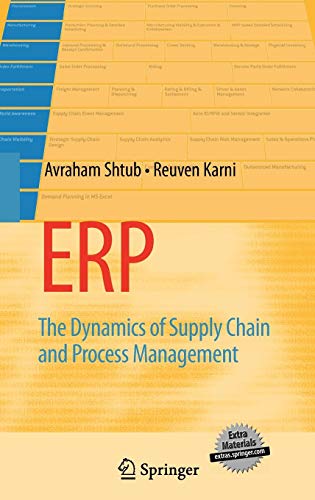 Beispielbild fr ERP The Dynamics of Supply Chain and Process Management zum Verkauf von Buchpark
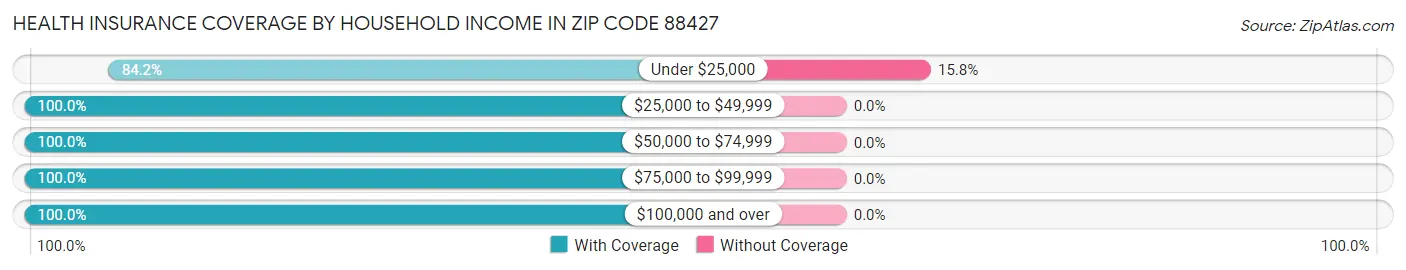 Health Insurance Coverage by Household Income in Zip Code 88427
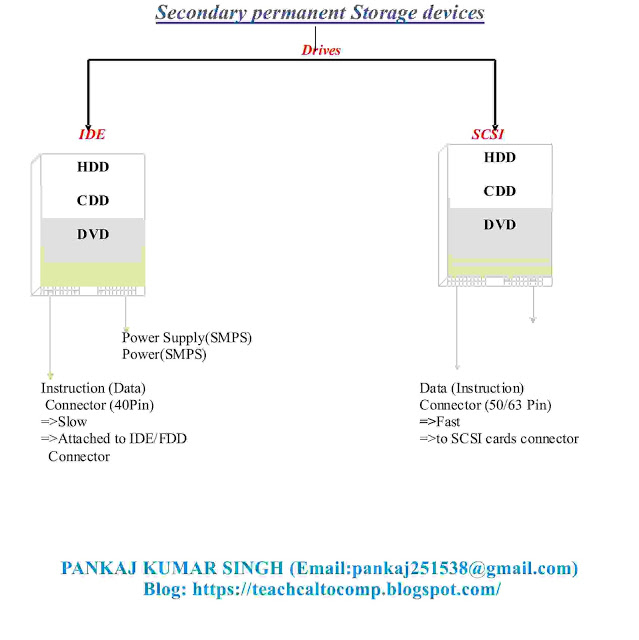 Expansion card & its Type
********************
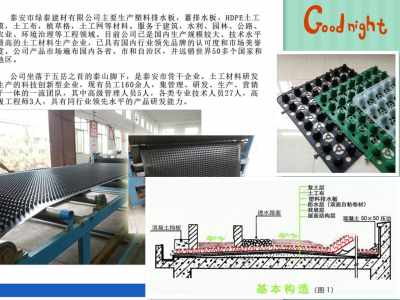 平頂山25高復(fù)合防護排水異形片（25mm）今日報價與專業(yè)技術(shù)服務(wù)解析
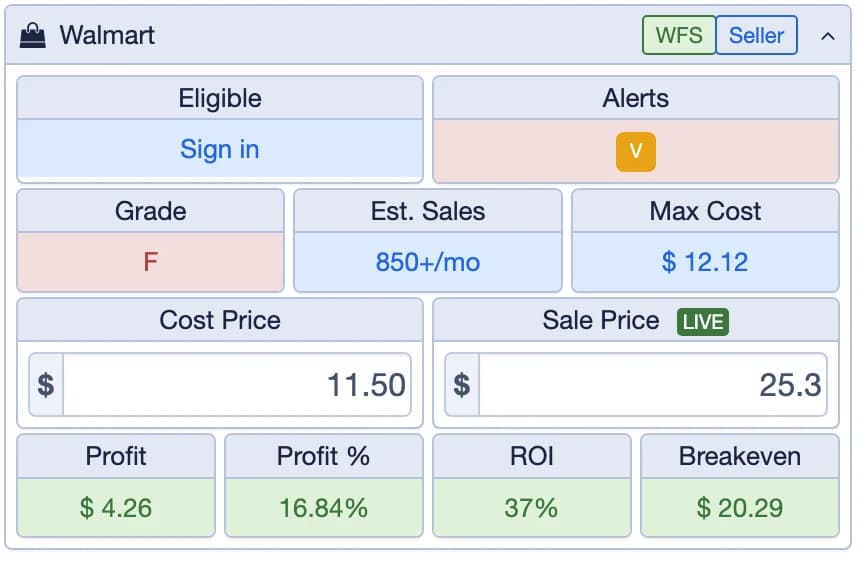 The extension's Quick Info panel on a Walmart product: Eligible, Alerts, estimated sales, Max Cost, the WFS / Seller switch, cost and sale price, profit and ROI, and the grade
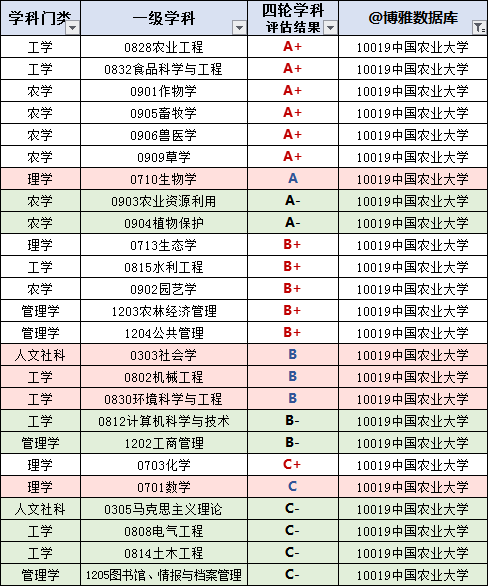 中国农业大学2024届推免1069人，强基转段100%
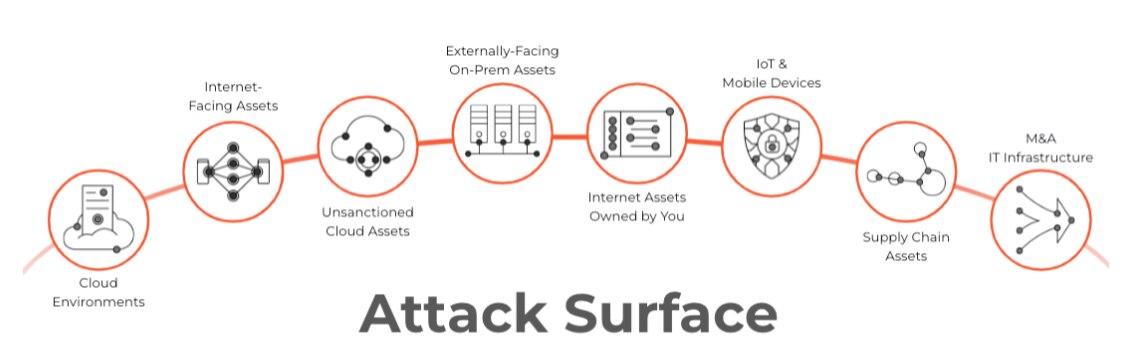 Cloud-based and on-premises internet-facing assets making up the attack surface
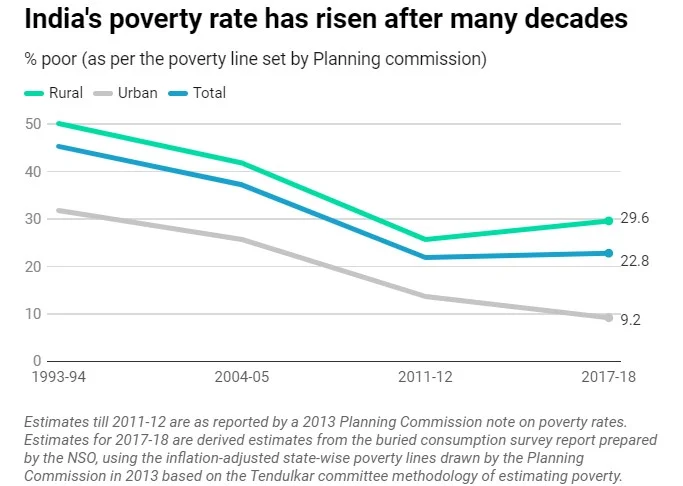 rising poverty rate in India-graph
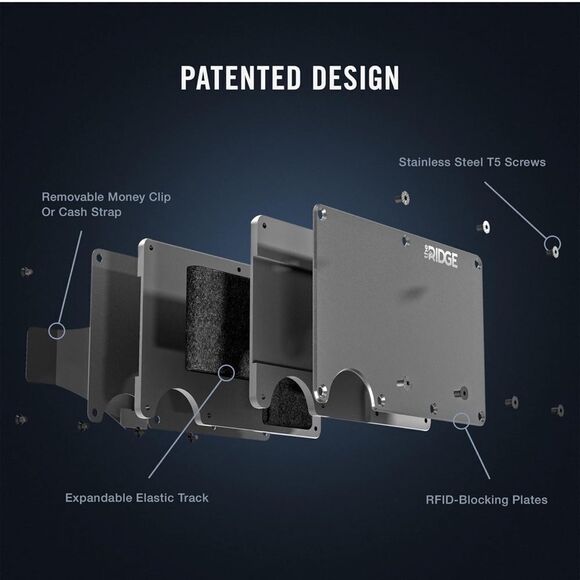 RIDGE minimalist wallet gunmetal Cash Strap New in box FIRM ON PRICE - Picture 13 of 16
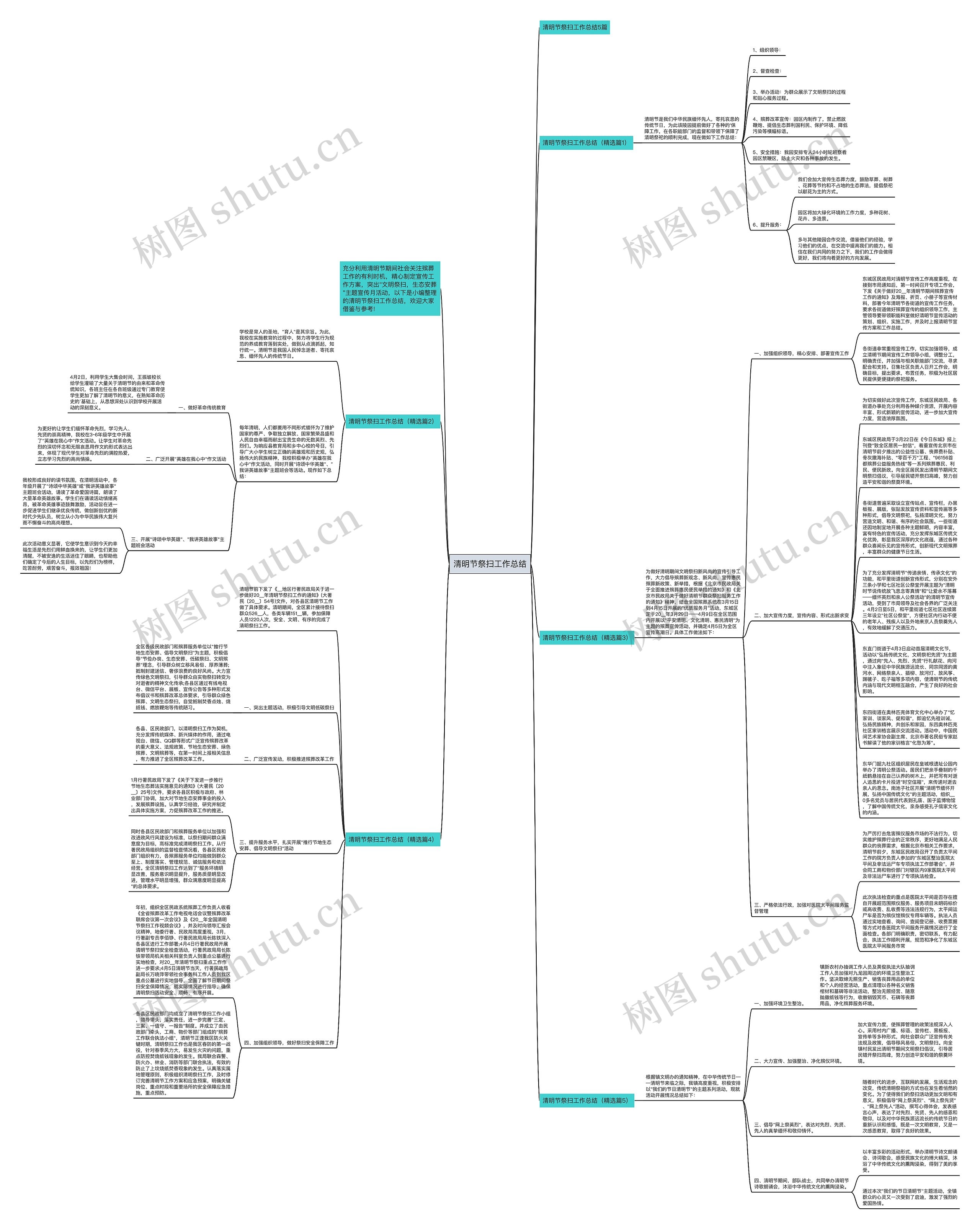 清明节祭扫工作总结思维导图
********************
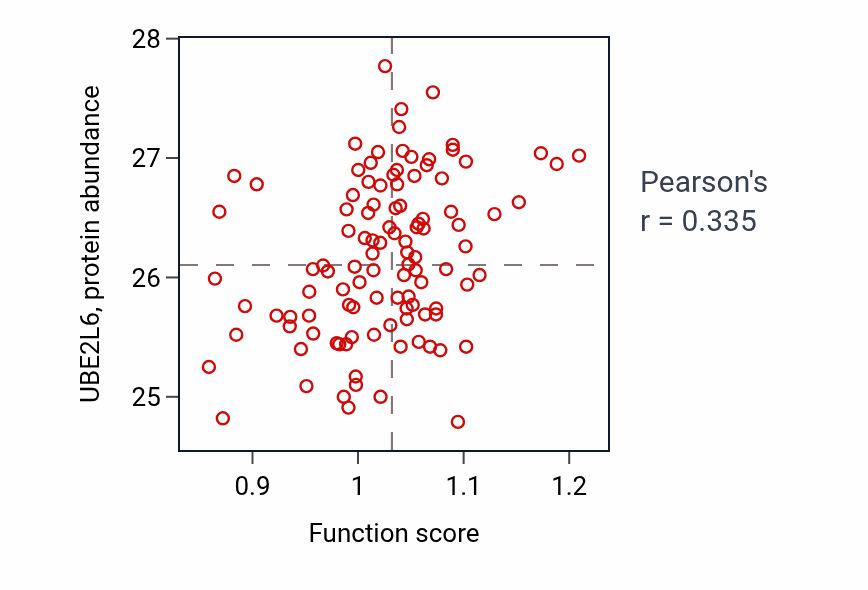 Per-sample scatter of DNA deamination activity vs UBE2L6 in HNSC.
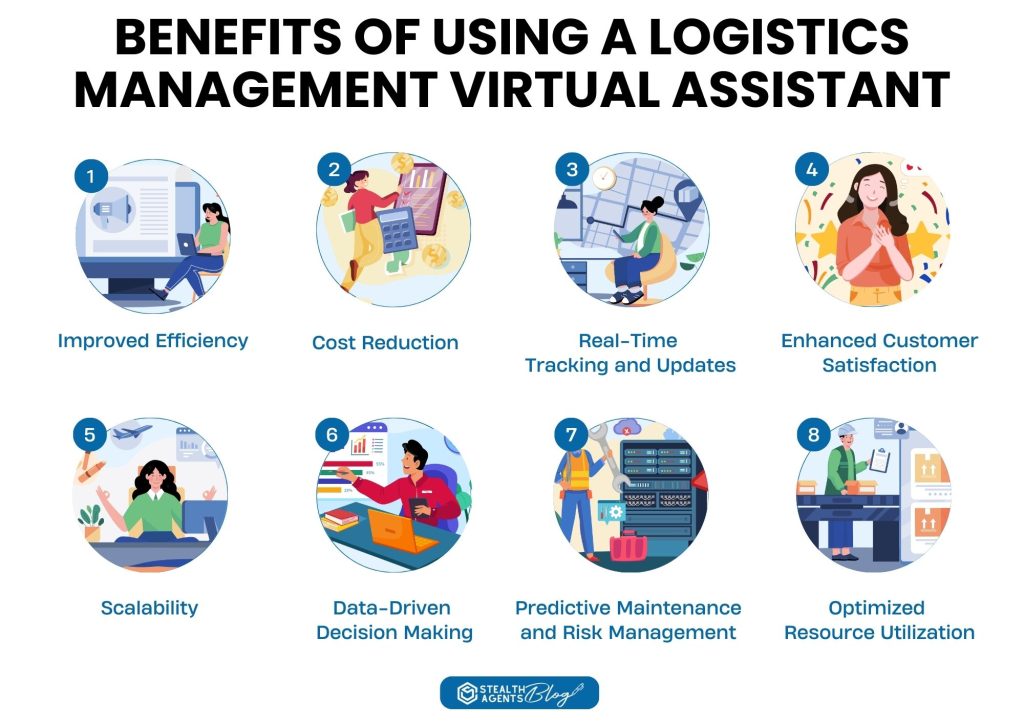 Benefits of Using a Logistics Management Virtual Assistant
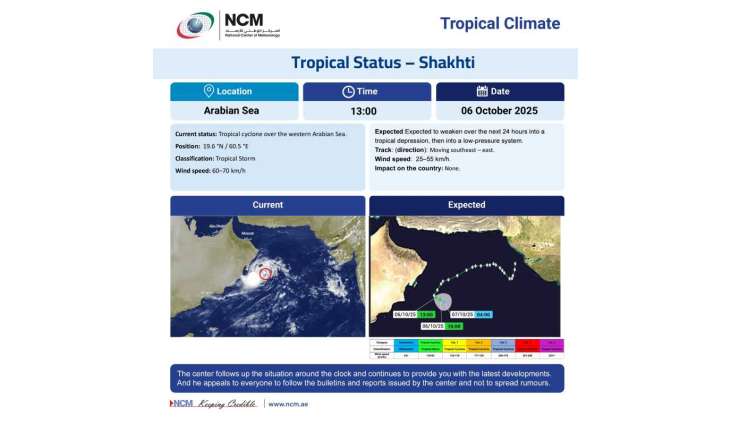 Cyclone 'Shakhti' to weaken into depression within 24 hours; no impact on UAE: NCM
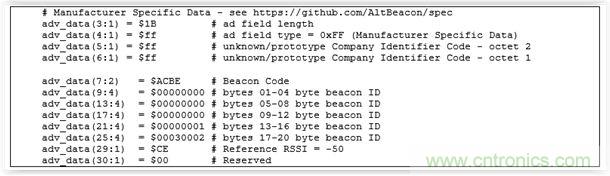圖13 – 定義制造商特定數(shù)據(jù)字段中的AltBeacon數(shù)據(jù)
********************
Exercise requirements =>
Range to copy from the listing above: the line containing "rising poverty rate in India-graph" down to the line containing "清明节祭扫工作总结思维导图", both included. Reproduce it exactly, minus the pictures, and add nothing.

Response area =>
 rising poverty rate in India-graph
 RIDGE minimalist wallet gunmetal Cash Strap New in box FIRM ON PRICE - Picture 13 of 16
 清明节祭扫工作总结思维导图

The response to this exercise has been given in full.